You lose something? She asked again. Now that I was closer I saw she was probably in her 40’s and of some Spanish speaking descent. She was short and plump, probably a mother of 2, and she had one gold cap in her front row of teeth.
I stammered and smiled a dumb and innocent smile. Her face fell a bit and her eyes frowned at the edges, but she opened the envelope and took out my wallet. My eyes squeezed from their sockets and I gasped once, then twice.
My wallet, I said weakly.
Her smile came back, rising on her face like a sudden sun. She opened it up and took out my driver’s license then made me tell her my birth date, just to be sure it was me. I’m pretty sure just looking at the picture would have sufficed, but I could tell she was cherishing the moment and wanted to ride it for as long as she could.
You’re lucky, she said, Delores found it on the stamp machine and handed it in. It could have been anyone that found it.
She opened it up and pointed to the money inside.
There was forty dollars in there, nobody touched it. Everything should be fine.

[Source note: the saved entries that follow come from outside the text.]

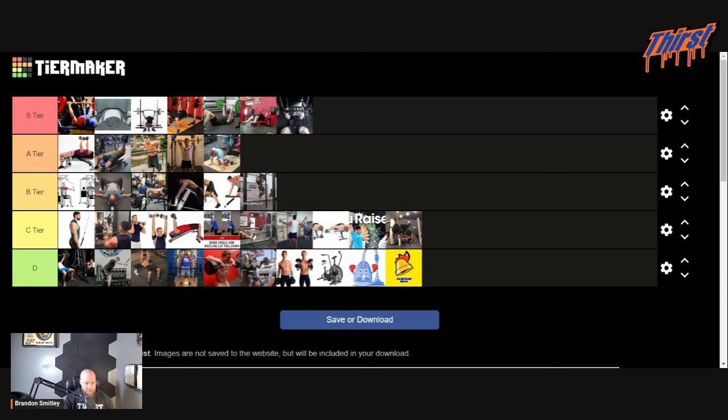A tier — we've got dumbbell bench press, incline dumbbell bench press, dips, overhead tricep extensions, and push-ups. This kind of makes sense, right? These are all prime movers of the movement. They're somewhat specific — you're pressing and working the main movers very hard through good ranges of motion. I think these are fantastic, and I don't regret any of these.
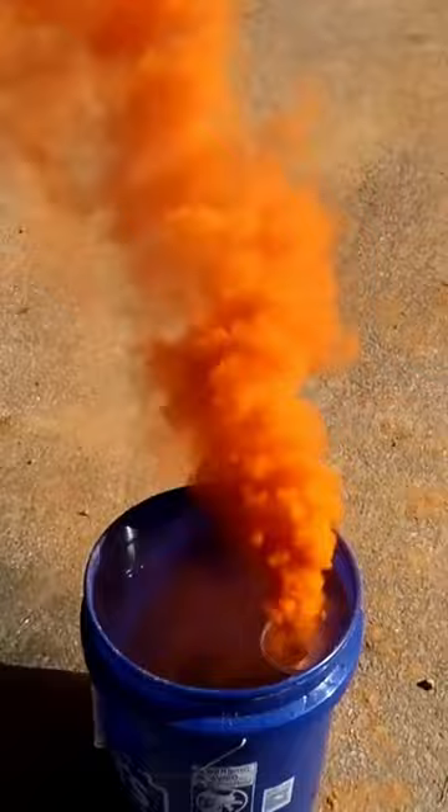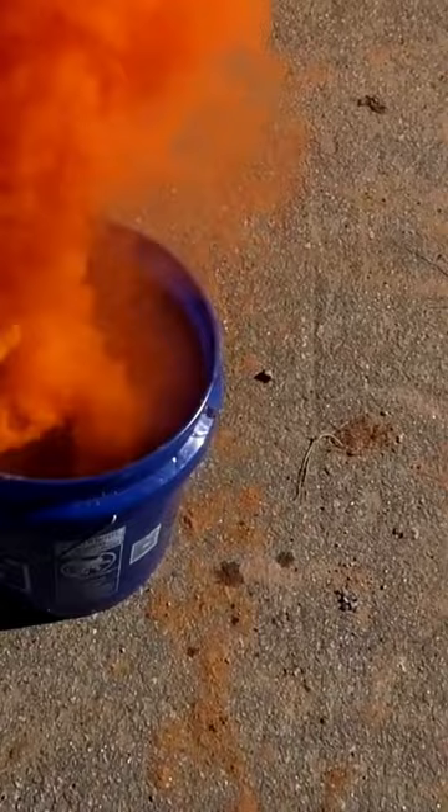And as you can see it will float — it's in the water. Let's see if there is a wave. Submerge, no problem. It burns under water — I mean, smokes under water.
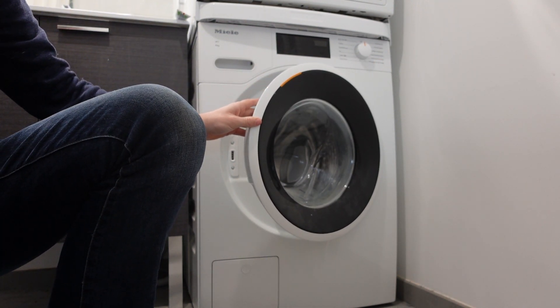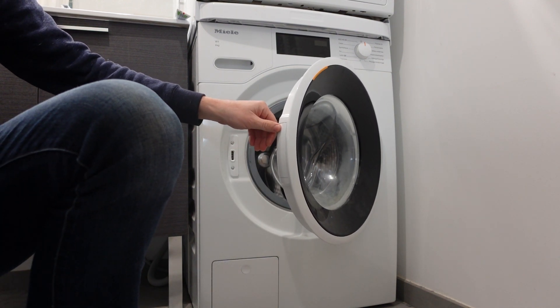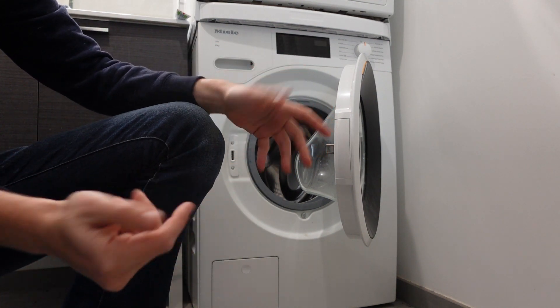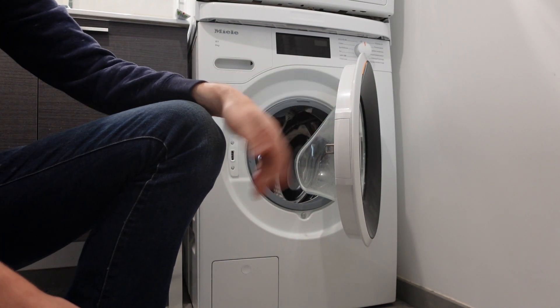The code means that the water is not being heated. This could be one of two reasons: the water is not being heated, or the sensors are not sensing that the water is being heated.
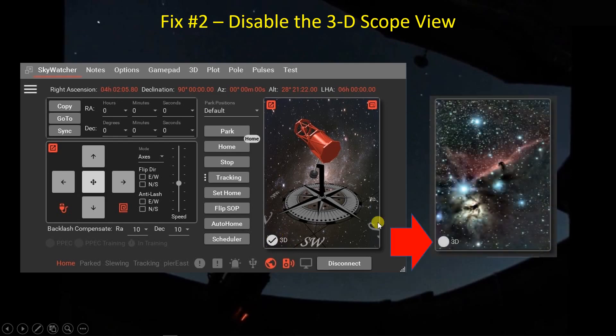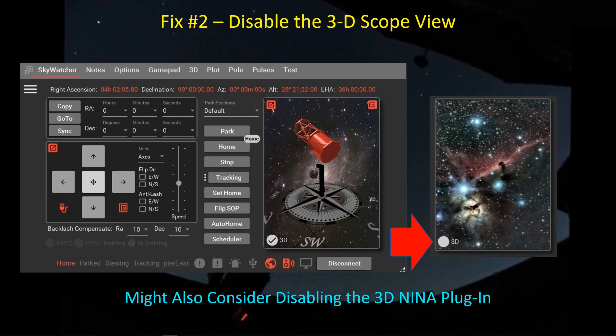If you click on the 3D image option in GSS, it turns off the 3D image and replaces it with a static deep space object picture, cutting down on the rendering load that happens throughout the night. Even though it's a fairly modest-looking picture, it's graphics intensive, and a render tier 0 computer can get bogged down along with everything else it has to do during an imaging session. For those using Green Swamp Server who have experienced crashes, check the rendering tier of your PC in the Options tab. Also, there is a 3D Nina plugin that some people have reported crashes with — likely for the same reason — so consider disabling these features if you're using a render tier 0 PC.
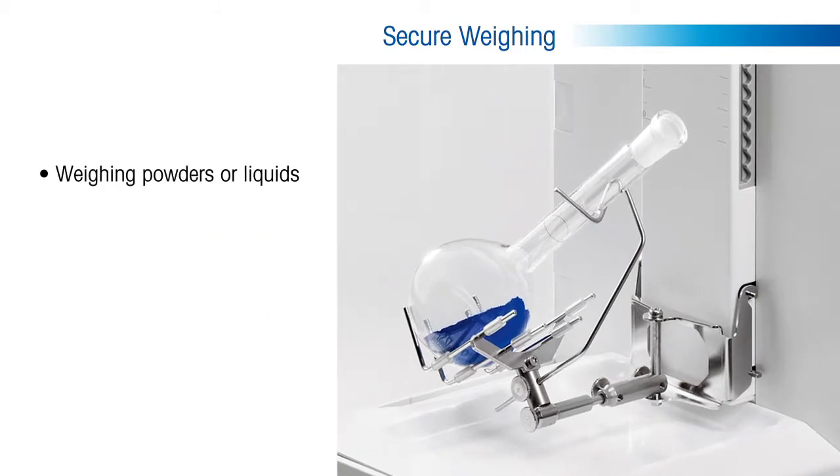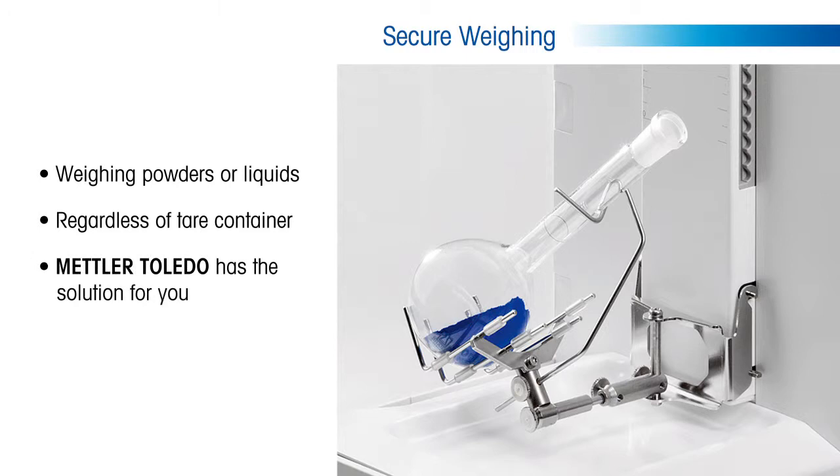The two varieties of ErgoClip either snap onto the existing smart grid or replace it with the same cantilever technology. Regardless of the type of substance you are weighing or tare container you are using, Mettler Toledo has the solution to ensure you are weighing samples securely and conveniently each and every time.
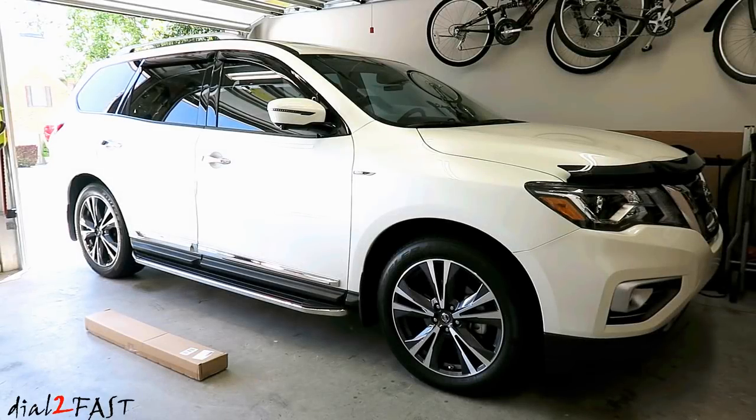Hello viewers! In today's video I will be installing the roof rack crossbar on this 2017 Nissan Pathfinder. For those of you who might not know what it is, it's basically a metal bar that goes between the left and the right roof rack. And there are two of these metal bars that I'll be installing.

I'm sure the overwhelming waves of shock and gratitude I felt would bring a lot of people to their knees, and I could tell she wanted that satisfaction, of someone that was so thankful they couldn’t even bear to stand under the weight of it, but I have pretty sturdy composure, even in the most alarming situations, so what she got was me repeating thank you thank you thank you over and over again and offering up half of the money that was in my wallet as a reward. She wouldn’t take it though. She would just throw her hands in the air.
No papi, you work hard for your money, I'm just glad you were here when I dropped the wallet off. Then she smiled again, this time genuinely happy, with nothing mischievous about it at all. I smiled back, still stuck in a quiet stupor. She waved good-bye to me and walked down my steps into the streets. I waved back thanking her under my breath.
To be fair, had I of known my wallet was missing, I'm sure I would have been reduced to weeping when she rang my bell and told me she had found it. It had been a good 3 hours since I left the post office, and because it is, admittedly, extremely rare that I lose my wallet, I would have never assumed I’d just left it on a counter in the middle of a crowded station. If anything, I would have assumed it fell out of my pocket while riding my bike, or stolen from my backpack when I wasn’t looking. But since I hadn’t known it was gone, my reaction was more stunned silence as opposed to a roaring flood of appreciation.
Later that night though, the miracle of it hit me. In the great big city I’d dropped a small, insignificant item that meant the world to me and nothing to anyone else, and a few civil servants recognized this and went out of their way to return it. It made me think there was room for faith in 2007. Maybe it was going to be a decent year after all.